Sandee Chan (陳珊妮 (Chén Shānnī); born 19 July 1970) is a Taiwanese singer-songwriter, music producer and director.

== Early life ==
Chan was born in the Philippines on 19 July 1970. Her family has Chinese roots, and she has Shanghai ancestry. Due to her father's factory, her family moved to Taiwan.

Chan holds a BA in journalism from National Chengchi University.

== Career ==
Chan began playing the piano as a child and created her own songs while a student at National Chengchi University in Taiwan.
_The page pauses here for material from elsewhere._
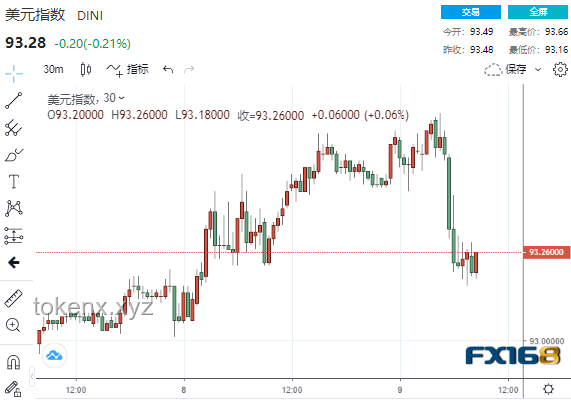 特朗普关税威胁下的金融市场应对策略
She was signed by an independent record label after performing on the university music contest Young Star in 1991, and wrote songs for Jeff Chang and Huang Pin-Yuan before releasing her first single and album in 1994. She has released 14 solo albums.

===Studio albums===
- 1994: Washington Chopped Down the Cherry Tree (華盛頓砍倒櫻桃樹)
- 1995: Leaving on a Jet Plane (乘噴射機離去)
- 1996: Sing till the End of the World (四季)
- 1999: I’m Not the Kind of Girl (我從來不是幽默的女生)
- 2000: Perfect Moan (完美的呻吟)
- 2004: Then, We All Wept (後來 我們都哭了)
- 2008: What If It Matters (如果有一件事是重要的)
- 2011: I Love You, John
- 2013: A Low-Key Life (低調人生)
- 2015: When Sorrow Being Downloaded Twice (如同悲傷被下載了兩次)
- 2017: Martial God Cardea (戰神卡爾迪亞)
- 2019: Juvenile A
- 2022: Discipline (調教)

===Other albums===
- 1997: The Night When Bad Guys Weren't So Bad (live album)
- 1997: Cannot Be Ignored Collection 1994–1997 ("best of" album)
- 2000: Sandee Chan Collection 1994–1999 ("best of" album)
- 2004: Happy Together 2003 (live album)
- 2004: An Addiction Of Beauty (live album)
- 2004: Material-Girl Coin (Chan, Li Duan Xian and Wang Ke Le album)
- 2005: Material-girls.com 2005 (Chan, Li Duan Xian and Wang Ke Le album)
- 2009: What If It Matters (English album)
- 2009: A Tale of Two Chens (Chan and Kimmy EP)
- 2011: 19 (Chan and Chen Chien Chi Album)

== Awards ==
Chan was awarded Best Album and Best Album Producer at the 16th Golden Melody Awards in 2005.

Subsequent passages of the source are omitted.